[ASSIGNMENT] Starting at the line that holds "Rehab is for" and stopping at the line that holds "We'll visit new", restate the records below word for word, with both of those lines included.

[ENTRIES SUPPLIED]
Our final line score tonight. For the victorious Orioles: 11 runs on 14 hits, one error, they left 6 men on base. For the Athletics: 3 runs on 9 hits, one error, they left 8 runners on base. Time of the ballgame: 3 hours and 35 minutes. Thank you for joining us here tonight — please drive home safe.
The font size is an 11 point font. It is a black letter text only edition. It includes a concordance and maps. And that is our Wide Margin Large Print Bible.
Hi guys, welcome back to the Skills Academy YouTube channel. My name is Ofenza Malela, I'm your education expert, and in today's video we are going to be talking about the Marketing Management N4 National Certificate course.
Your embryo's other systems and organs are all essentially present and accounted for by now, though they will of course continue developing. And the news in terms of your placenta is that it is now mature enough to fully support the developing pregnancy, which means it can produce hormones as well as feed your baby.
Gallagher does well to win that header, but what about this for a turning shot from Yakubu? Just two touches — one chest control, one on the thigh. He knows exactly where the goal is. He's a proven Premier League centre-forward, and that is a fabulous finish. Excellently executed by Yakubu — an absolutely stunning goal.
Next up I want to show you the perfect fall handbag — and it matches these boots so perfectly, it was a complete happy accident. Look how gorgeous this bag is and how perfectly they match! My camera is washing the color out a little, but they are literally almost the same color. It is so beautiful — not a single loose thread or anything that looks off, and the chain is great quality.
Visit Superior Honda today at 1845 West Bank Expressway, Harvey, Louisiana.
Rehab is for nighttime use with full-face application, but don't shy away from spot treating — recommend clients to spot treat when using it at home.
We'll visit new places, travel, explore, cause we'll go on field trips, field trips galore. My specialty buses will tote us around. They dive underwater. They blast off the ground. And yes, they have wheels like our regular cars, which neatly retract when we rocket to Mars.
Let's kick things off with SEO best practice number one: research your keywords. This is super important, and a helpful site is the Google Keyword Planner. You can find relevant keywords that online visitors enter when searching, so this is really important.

[ANSWER BOX]
Rehab is for nighttime use with full-face application, but don't shy away from spot treating — recommend clients to spot treat when using it at home.
We'll visit new places, travel, explore, cause we'll go on field trips, field trips galore. My specialty buses will tote us around. They dive underwater. They blast off the ground. And yes, they have wheels like our regular cars, which neatly retract when we rocket to Mars.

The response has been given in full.